Dark Sky Observing
- Last Updated on 28 April 2012
Steve Kufeld Astronomical Site (SKAS)
Situated ~ 90 miles north of Los Angeles in Ventura County, this LAAS owned 2.5 acre site provides the LAAS members a haven from the city lights. Located just south of Mt. Pinos, the site is equipped with two large reflecting telescopes: a 16 inch telescope (right) with equatorial mount and a 31 inch (Clyde-O-Scope, left) Newtonian on Bartelized Alt-Alz mount.
The site also offers 57 concrete pads along with power outlet for setting up personal telescopes. In addition to unrestricted access to the site, Star Members have the options of purchasing one of these pads for a nominal fee
The site is open to members & guests only.
Directions are in the New Member Packet. You may also email the Secretary for instructions.
The picture at right shows Steve Kufeld, front and center, surrounded by friends and fellow LAASers (from left to right) Czernic Crute, Lew Chilton and Dana Patchik.

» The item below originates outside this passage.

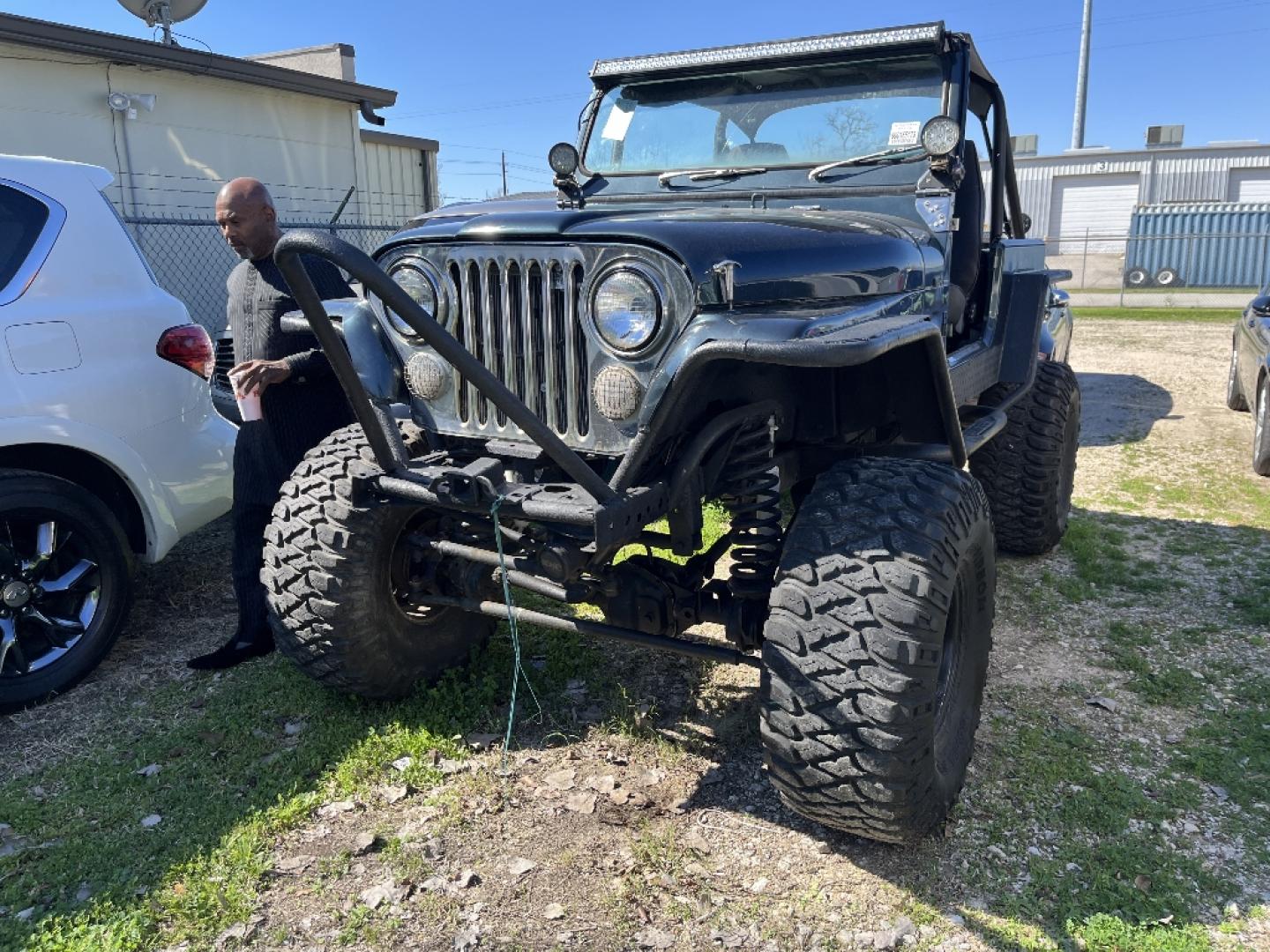 1985 BLACK JEEP CJ7 Laredo (1JCCF87E4FT) with an 4.2L L6 OHV engine, AUTOMATIC transmission, located at 2303 West Mt. Houston, Houston, 77038, (281) 507-3956, 29.771597, -95.339569- Photo#0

Steve Kufeld, inventor of the now ubiquitous (and imitated) TELRAD, died suddenly in the summer of 1997. The property in Lockwood Valley was subsequently named in his memory. Steve was one of the organizers of the original purchase, and one of the key figures in building both the Gordon Mitchell Observatory and the 31" Clyde-O-Scope. He was an active member, former treasurer, and avid observer. His key role in acquiring the property, as well as his reputation as the father of TELRAD made it only appropriate to name the property after him.
Below is a photo of the site itself looking east. On the left of the photo is the Gordon Mitchell Observatory. Further North is the Block House that holds the 31" Clyde-O-Scope.
This is the dark sky observing site for the Los Angeles Astronomical Society. About 90 miles NW of Los Angeles, it is near enough to make a one-day round trip, but remote enough to offer considerably darker skies than you can find nearer L.A. There is room for campers, and parking for a limited number of RVs. The pads are all supplied with AC power, and the trailer has a heater for those non-astronomers (or astronomers) who seek temporary shelter from the cold. Summer time weather can be quite balmy, but winter temperatures drop well below freezing (the record so far as I know is an overnight low of 6° F one December a few years back).
Star member dues, and contributions by regular members, help us to defray the costs of maintaining the property. Owning our own site, with the ability to customize the property to the needs of amateur astronomers, is a major asset for the Los Angeles Astronomical Society.